トランザクション処理と分析処理を単一のデータベース内で実行できるのが強みのようで、 AWSに当てはめると、Amazon Aurora MySQLとAmazon Redshiftを合わせたようなイメージです。
NoSQL Database Cloud Service
NoSQL Database Cloud Serviceは、フルマネージドのNoSQLデータベースサービスです。
- キー/バリュー(Key-Value)とドキュメント(JSON)の両方のデータをサポートしています。

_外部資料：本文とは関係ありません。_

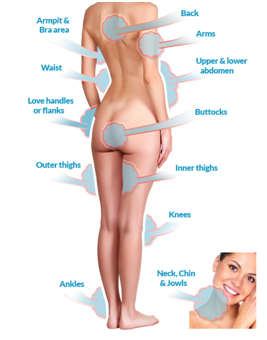 Liposuction in Coimbatore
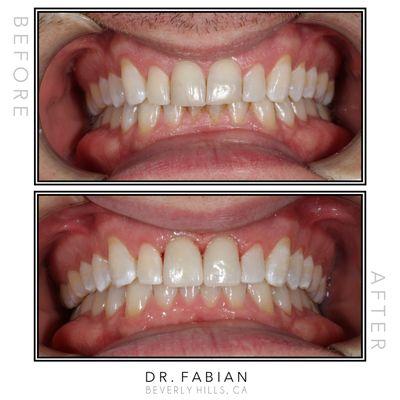 Can't tell which one is before or after? That's the point. Patient had large composite fillings on his front teeth that kept on breaking.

- リソースを自動的にスケールさせることができ、使用した分だけ課金されます。
AWSに当てはめると、Amazon DynamoDBと近いものと思います。
まとめ
ここまで記載した内容をAWSとOCIの比較表にしてみました。
| コンセプト | AWS | OCI |
|---|---|---|
| リレーショナルデータベース | RDS, Aurora | Autonomous Transaction Processing (ATP), Base Database Service, Exadata Database Service, MySQL HeatWav |
| 非リレーショナル / No-SQL | Amazon DynamoDB | Autonomous JSON Database, NoSQL Database Cloud Service |
| データウェアハウス | Amazon Redshift | Autonomous Data Warehouse (ADW), MySQL HeatWave |
細かい分類や取り上げ切れていないサービスもあるかと思いますが、大枠はつかめたのではないかと思います。 また、親しんだAWSと比較することで私自身の理解が進みました。